Boost logo

Boost :

Subject: Re: [boost] Stacking iterators vs. dataflow
From: David Abrahams (dave_at_[hidden])
Date: 2008-09-03 09:16:20


on Wed Sep 03 2008, "Phil Endecott" <spam_from_boost_dev-AT-chezphil.org> wrote:

> I just noticed this in the "lifetime of ranges vs. iterators" thread (which I've
> not really been following):
>
> Arno Sch?dl wrote:
>> rng | filtered( funcA ) | filtered( funcB ) | filtered( funcC ) |
>> filtered( funcD ) | filtered( funcE )
>
> I thought it worth pointing out the similarity, and also the difference, between
> this and the proposed dataflow notation.
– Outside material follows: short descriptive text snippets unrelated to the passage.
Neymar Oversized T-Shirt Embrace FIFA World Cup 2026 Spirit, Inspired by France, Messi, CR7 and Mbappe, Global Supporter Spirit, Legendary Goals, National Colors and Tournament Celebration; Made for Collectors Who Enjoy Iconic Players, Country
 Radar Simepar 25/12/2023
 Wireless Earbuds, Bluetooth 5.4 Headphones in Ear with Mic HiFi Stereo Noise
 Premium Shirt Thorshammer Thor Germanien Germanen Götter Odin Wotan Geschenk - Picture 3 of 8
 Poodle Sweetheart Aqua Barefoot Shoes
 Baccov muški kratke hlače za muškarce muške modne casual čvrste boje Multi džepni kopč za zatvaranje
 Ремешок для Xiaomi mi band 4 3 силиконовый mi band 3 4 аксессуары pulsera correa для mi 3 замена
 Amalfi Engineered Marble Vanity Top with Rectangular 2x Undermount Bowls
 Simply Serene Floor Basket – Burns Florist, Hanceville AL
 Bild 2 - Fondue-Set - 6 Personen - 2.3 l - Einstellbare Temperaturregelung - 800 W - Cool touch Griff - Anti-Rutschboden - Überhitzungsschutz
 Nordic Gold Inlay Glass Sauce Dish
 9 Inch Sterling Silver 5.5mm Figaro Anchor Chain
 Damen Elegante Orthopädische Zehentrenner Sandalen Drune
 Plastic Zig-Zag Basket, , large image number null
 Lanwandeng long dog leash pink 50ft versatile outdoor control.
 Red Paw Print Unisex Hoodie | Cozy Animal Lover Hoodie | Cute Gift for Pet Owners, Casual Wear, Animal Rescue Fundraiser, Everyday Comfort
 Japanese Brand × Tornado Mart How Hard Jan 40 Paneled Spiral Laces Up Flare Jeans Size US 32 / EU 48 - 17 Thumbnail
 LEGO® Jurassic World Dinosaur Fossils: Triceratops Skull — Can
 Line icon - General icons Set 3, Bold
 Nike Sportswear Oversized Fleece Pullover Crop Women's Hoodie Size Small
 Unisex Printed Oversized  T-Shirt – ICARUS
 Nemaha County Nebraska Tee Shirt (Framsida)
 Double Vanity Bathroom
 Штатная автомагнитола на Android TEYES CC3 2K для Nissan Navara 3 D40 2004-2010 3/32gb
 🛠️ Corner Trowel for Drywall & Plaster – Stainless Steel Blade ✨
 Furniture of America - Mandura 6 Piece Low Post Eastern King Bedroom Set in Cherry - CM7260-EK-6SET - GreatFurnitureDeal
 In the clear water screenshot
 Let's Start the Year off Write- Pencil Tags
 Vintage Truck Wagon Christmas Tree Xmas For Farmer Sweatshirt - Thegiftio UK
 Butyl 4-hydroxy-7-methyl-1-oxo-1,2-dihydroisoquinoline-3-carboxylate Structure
Here, operator| is being used like a
> shell pipe operator. In dataflow, operator| has a quite different meaning: it's
> a vertical line, distributing the output of "rng" to the inputs of the funcs in
> parallel.

Very interesting.

> Confusing, perhaps?

Perhaps

> Anyway you could presumably write something like
>
> rng >>= funcA >>= funcB ....

For which library are you suggesting that notation?

> and I would be interested to hear how the two implementations compare.
> Is it true to say that stacked iterators implement a "data pull"
> style, while dataflow implements "data push"?

I believe that's correct.

> I also note that Arno wants to use stacked iterators because this alternative:
>
> result = fn1( fn2( fn3( fn4( huge_document ) ) ) );
>
> creates large intermediates and requires dynamic allocation.

Yes, that's one of the classic reasons for using iterator adaptors.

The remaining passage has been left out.